Microsoftは古くからモバイルデバイス向けのOSを手がけてきたが、コンシューマー向けスマートフォンの分野では、AppleのiPhoneやGoogleのAndroidスマートフォンに対し苦戦を強いられてきた。Windows Phone 7の投入により、海外ではMicrosoftに対する評価も上がっているといい、「これまで日本マイクロソフトが培ってきた、技術、ソフトウェア資産、パートナーとの関係、開発者向けのサポートなど、たくさんの資産をテコに、モバイルの世界でも勢力を拡大していきたい」と樋口氏。日本独自の機能を盛り込む、パートナーと共同で販促を行う、開発者のサポートをするといった、これまでPC向けのWindowsでやってきたことと同じように、日本でもWindows Phone 7の事業を進めていく。
すでに海外では、Windows Phone 7スマートフォンが11機種登場しており、35カ国の60事業者で展開されており、リリースから約7カ月で2万タイトルを超えるアプリが配信されているという。Windows Phone 7.5では、対応言語が5言語から21言語に増え、Windows Phone Marketplaceが利用できる国も18カ国から35カ国に拡大する。
Windows Phone 7.5の特徴は、樋口氏の説明が明快で分かりやすい。「従来のスマートフォンは画面にアプリケーションのアイコンが並び、自分が使うアプリケーションを意識しながら使うが、Windows Phoneはタイル状の大きなボタンで表現した『ライブタイル』が特徴。ボタンの奥にあるアプリケーションの状況もタイルの表面に表示される。アプリをキックして何かをする、という考え方ではなく、ユーザーがどういう目的で使うか、何をしたいかで操作するインタフェースが特徴」。そして、このタイルをカスタマイズして、ブラウザのお気に入りや特定のアプリのデータ、音楽、連絡先、メモなどを自分の優先受遺意に従って設計でき、自分の使いやすいようにカスタマイズしていくと「どんどん気持ちよくなっていく」。

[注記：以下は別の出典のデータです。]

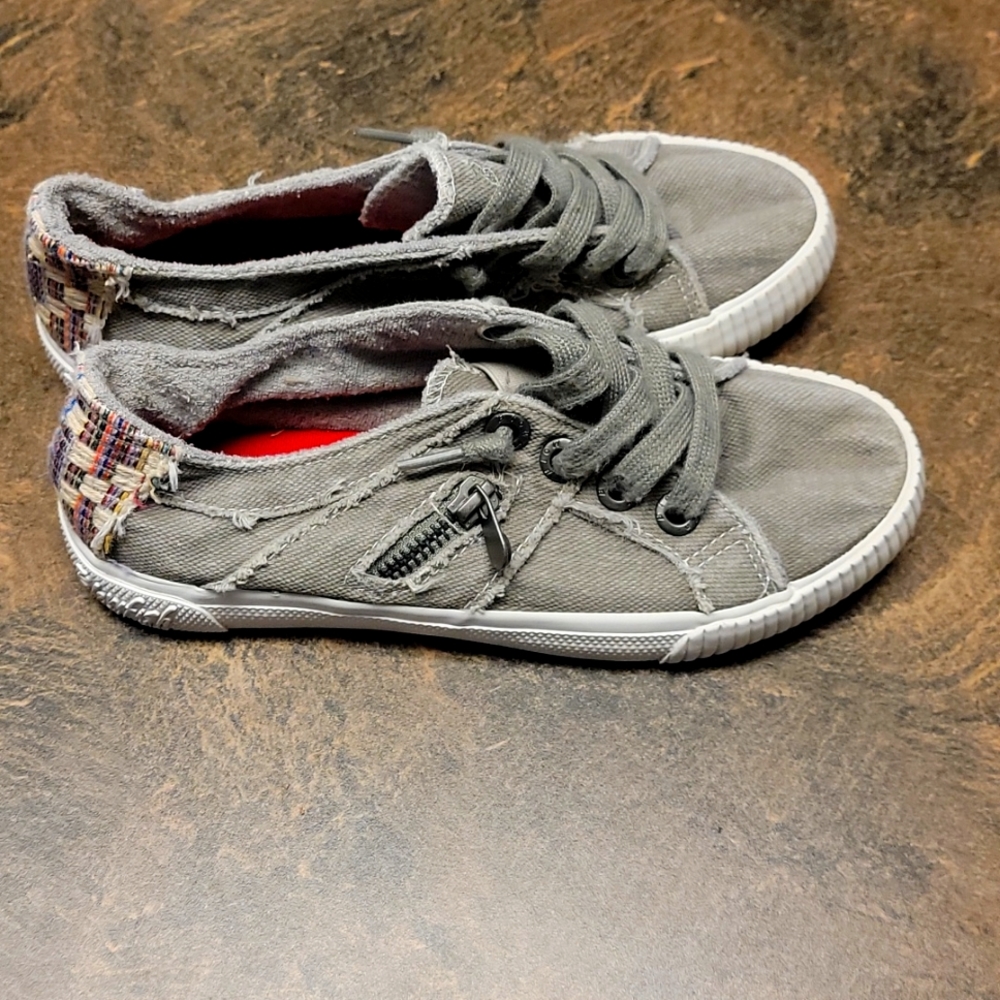 Girls Size 1 Blowfish slip on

スマートフォン市場で劣勢と伝えられるMicrosoft。しかし樋口氏は強気だ。「まだまだスマートフォンはこれからの世界。黎明期なので、いかようにでもこれから挽回できるし、まだまだ機能面でも進化する。Microsoftはハードウェアは作っておらず、ソフトウェアに特化した企業だ。ハードもソフトも1社で作る方が立ち上げは速いが、いろいろなメーカーと連携することでバリエーションや広がりができる。立ち上げには時間がかかったが、これはユーザーにもメリットの出る仕上がりになるまで時間をかけたため。機能面でもできはいいので、巻き返しという点では期待している。一度使うと満足度は高い」と自信を見せた。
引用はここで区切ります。